Winboard Forum

by **Alvaro Begue** » 09 Sep 2005, 00:36

Hi,

I am planning on adding parallel search capabilities to my engine (Ruy-L?pez). I have read articles about several algorithms and I feel confident I could program pretty much any of them (YBWC, APHID...).

Is there an algorithm that is the obvious choice I should start with?

What are other people using?

Thanks,
?lvaro.

by **Gian-Carlo Pascutto** » 09 Sep 2005, 00:58

DTS

If that's too complicated, use YBWC.

by **Dann Corbit** » 09 Sep 2005, 01:15

Here is a description of the DTS algorithm:
http://www.cis.uab.edu/info/faculty/hyatt/search.html

by **Alvaro Begue** » 09 Sep 2005, 04:20

Thank you very much! I'll start with DTS, then.

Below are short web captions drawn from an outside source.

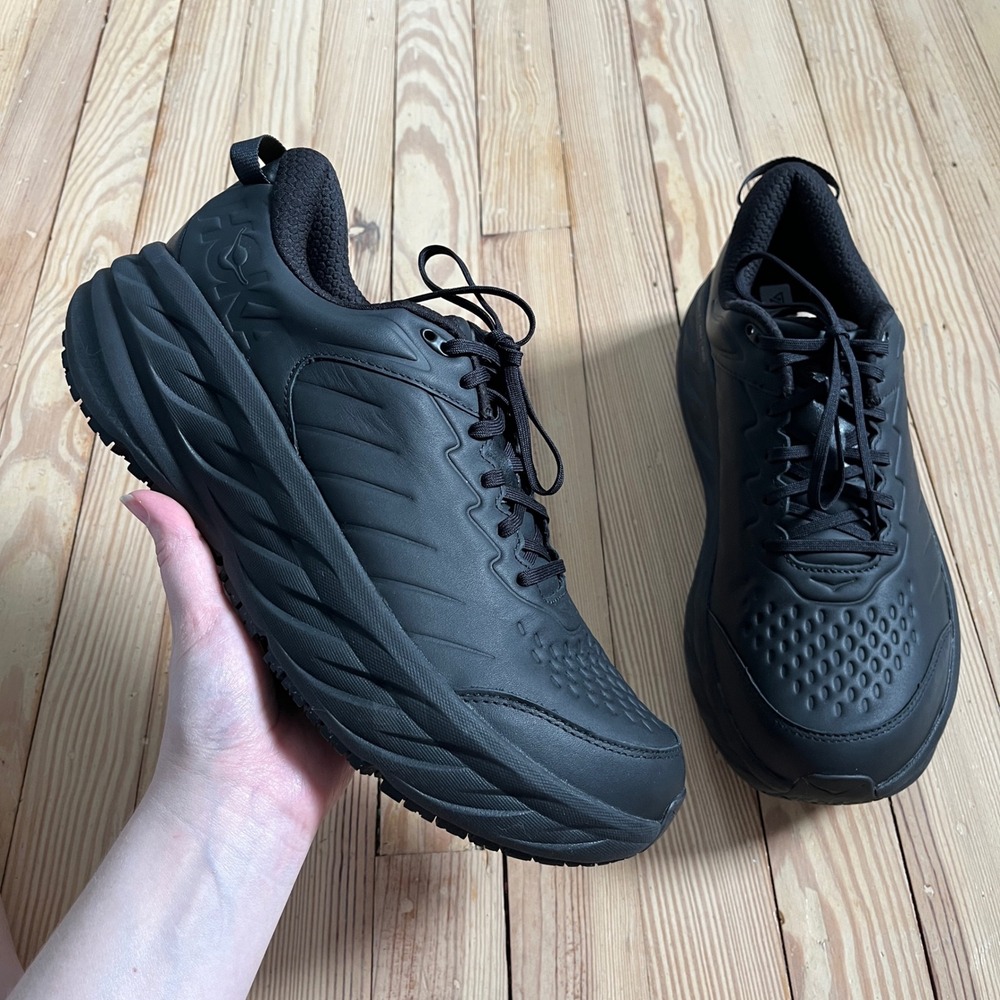 Hoka One One Bondi SR Mens Size 13 Black Slip Resistant Work Sneakers WORN 1x
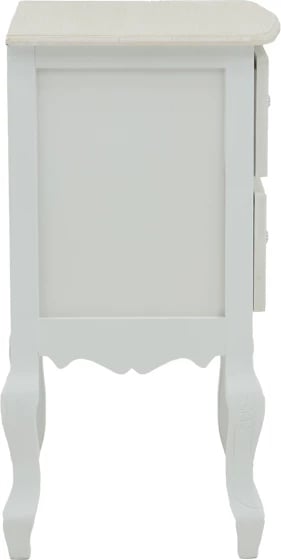 Komodinë Pazlen Inart, ngjyrë e bardhë antike, MDF, 40x45x65cm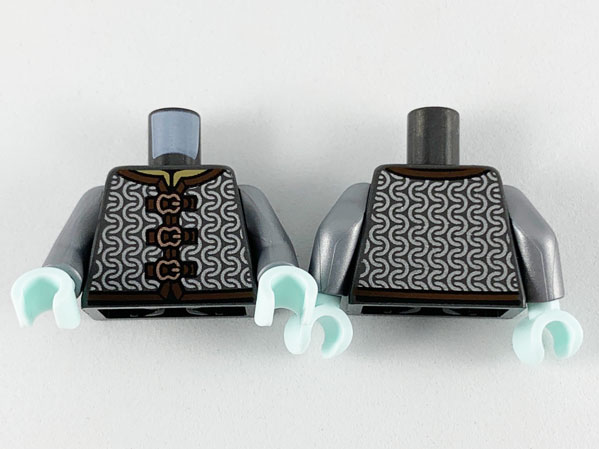 Torso Silver Chain Mail with Dark Brown Hem and Copper Clasps Pattern / Flat Silver Arms / Light Aqua Hands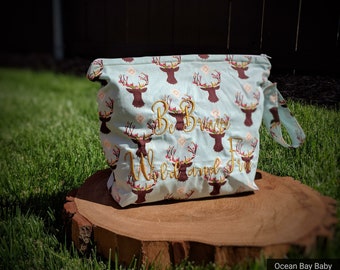 Boho Deer wet bag| cloth diaper bag| cloth pad wet bag| swimsuit wet bag|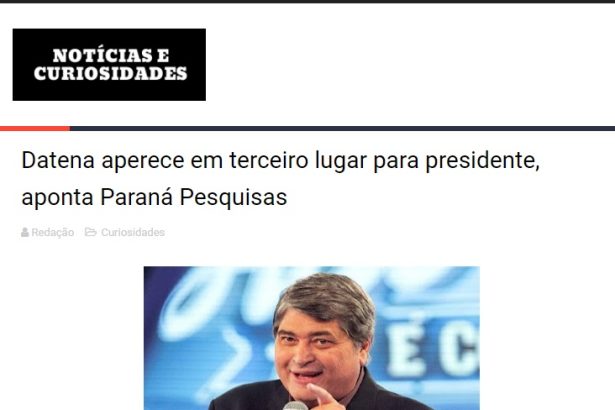 Blog Notícias e Curiosidades divulga pesquisa realizado pela Paraná Pesquisas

by **Daniel Shawul** » 09 Sep 2005, 13:11

wrong choice IMO.
I think you should start with simple PVsplitting.
daniel

by **Alvaro Begue** » 09 Sep 2005, 13:24

Daniel Shawul wrote:wrong choice IMO.
I think you should start with simple PVsplitting.
daniel

Actually, after reading Hyatt's article on DTS, I had decided to start with PV splitting to have a baseline for comparison.

Thanks!

by **Daniel Mehrmann** » 10 Sep 2005, 07:48

Gian-Carlo Pascutto wrote:DTS

If that's too complicated, use YBWC.

Where can i found more information about YBWC ?

Best,
Daniel

by **Steffan Westcott** » 10 Sep 2005, 21:03

Daniel Mehrmann wrote:
Where can i found more information about YBWC ?

Best,
Daniel

Young Brothers Wait Concept is described by Feldmann in his thesis, available here:
http://wwwcs.upb.de/php/monien/mypub.php?paperid=372

Cheers,
Steffan

by **Gian-Carlo Pascutto** » 13 Sep 2005, 13:22

Crafty actually uses YWBC, IIRC.

PV-splitting is a waste of time. If you can get that working DTS is not much harder, YBWC not at all, and you will actually get a speedup.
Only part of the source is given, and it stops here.